Reproduce every record below exactly, with the pictures left out.

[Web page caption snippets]
-- Opening Marker --
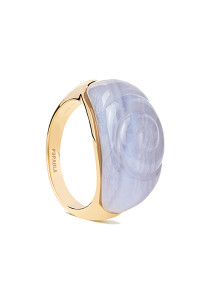 PDPAOLA Blue Lace Agate Shell Ring AN01-C59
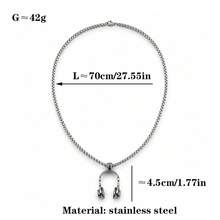 Multi-Style Combination Fashion Stainless Steel Unisex Mid-Length Necklaces, Personalized Mainstream Design Suitable For Holiday Parties, Music Festivals, DJ Bars, Street Style Accessories - Silver - View 6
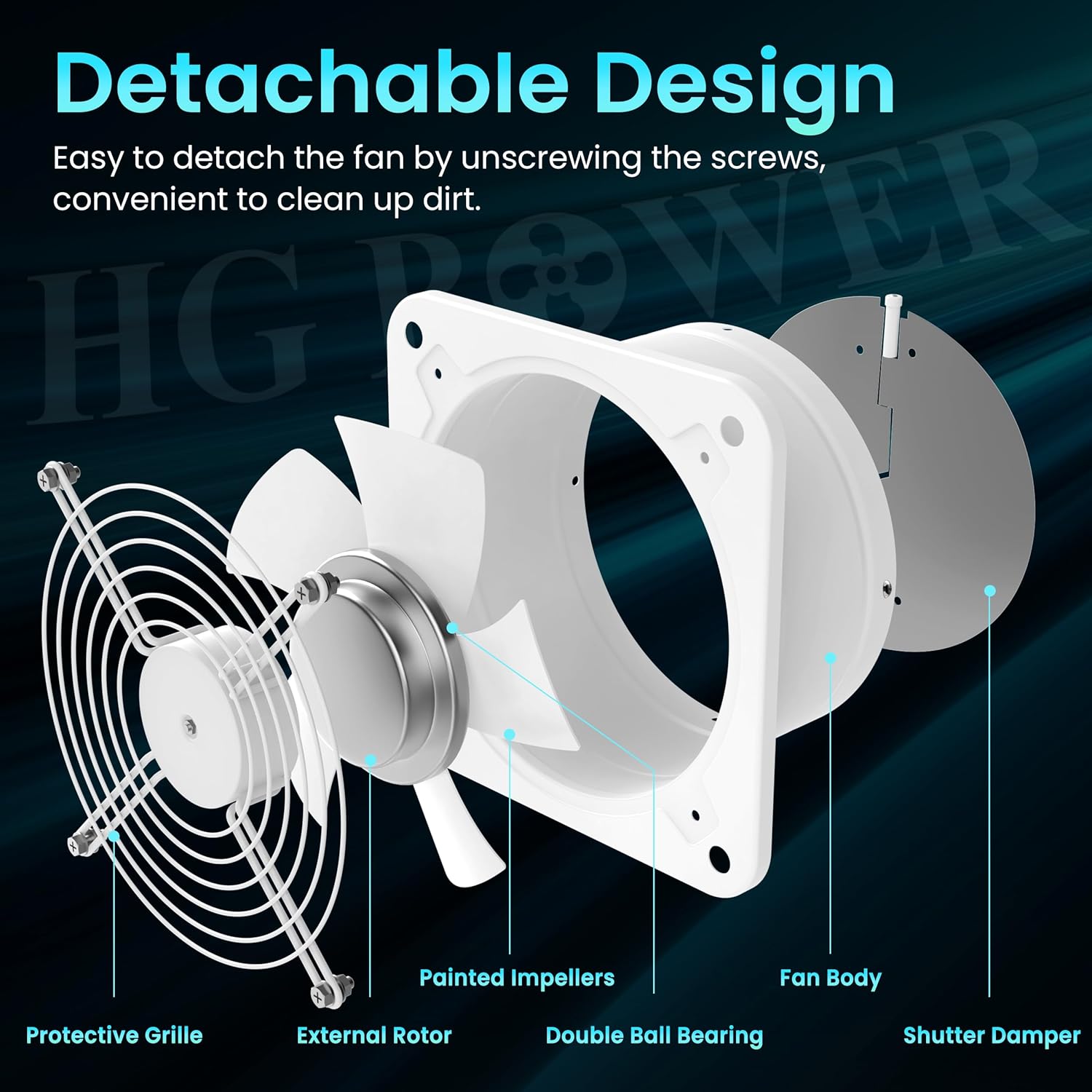 Detalle de HG Power extracteur d’air 200 mm pour salle de bain, cuisine & garage — silencieux avec clapet antiretour et régulateur de vitesse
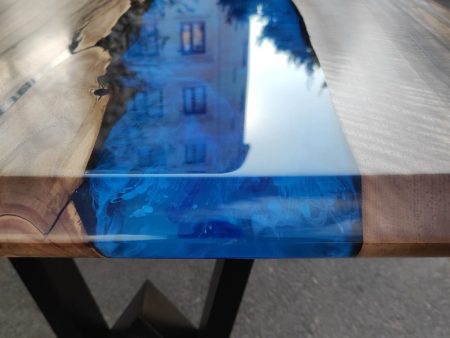 Epoxy Table, Epoxy Dining Table, Walnut Epoxy River Table, Custom 72” x 30” Walnut Blue Epoxy River Dining Table Order for Clinton Sale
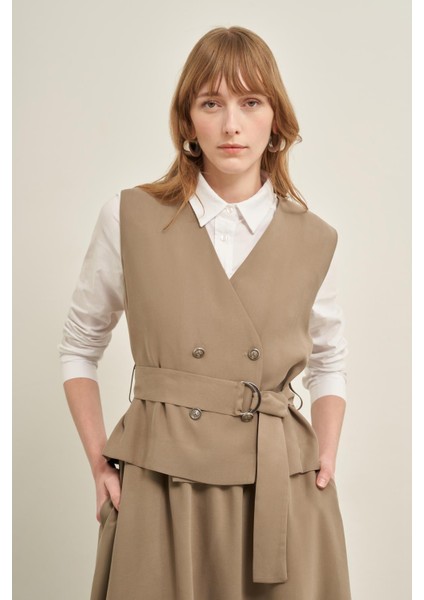 Kadın Yelek Etek Takım Haki fırsatları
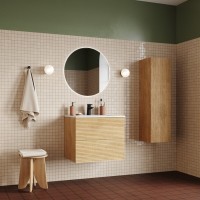 Тумба с раковиной Iddis Bild BIL60V0i95K, 60 см, подвесная, цвет дуб светлый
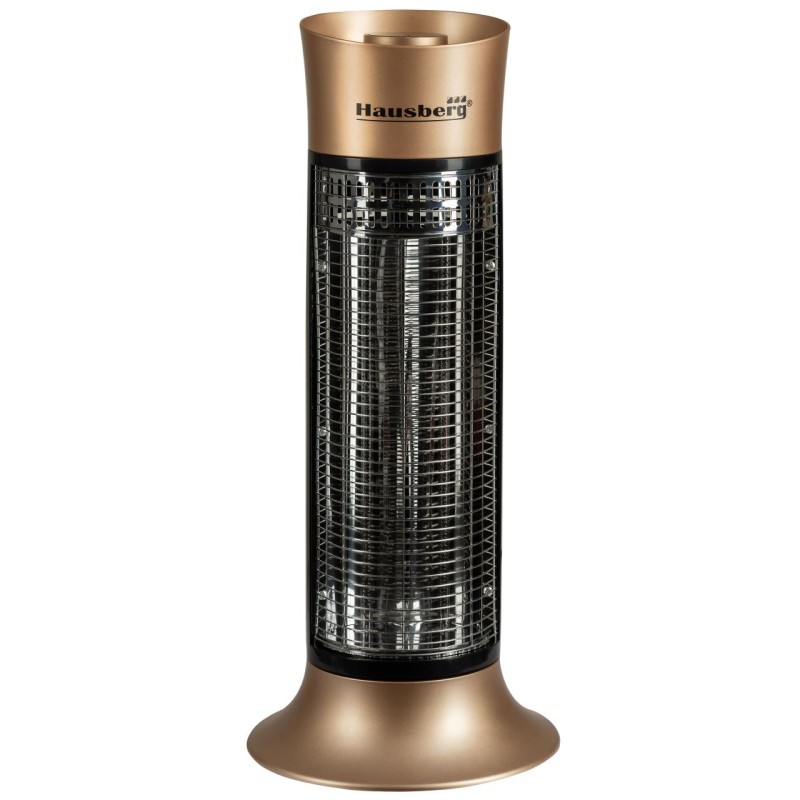 Radiator electric din fibra carbon Hausberg HB-8750AU, 900 W, 2 nivele de putere, exterior/interior, Auriu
-- Closing Marker --
**Output for this task:**
 PDPAOLA Blue Lace Agate Shell Ring AN01-C59
 Multi-Style Combination Fashion Stainless Steel Unisex Mid-Length Necklaces, Personalized Mainstream Design Suitable For Holiday Parties, Music Festivals, DJ Bars, Street Style Accessories - Silver - View 6
 Detalle de HG Power extracteur d’air 200 mm pour salle de bain, cuisine & garage — silencieux avec clapet antiretour et régulateur de vitesse
 Epoxy Table, Epoxy Dining Table, Walnut Epoxy River Table, Custom 72” x 30” Walnut Blue Epoxy River Dining Table Order for Clinton Sale
 Kadın Yelek Etek Takım Haki fırsatları
 Тумба с раковиной Iddis Bild BIL60V0i95K, 60 см, подвесная, цвет дуб светлый
 Radiator electric din fibra carbon Hausberg HB-8750AU, 900 W, 2 nivele de putere, exterior/interior, Auriu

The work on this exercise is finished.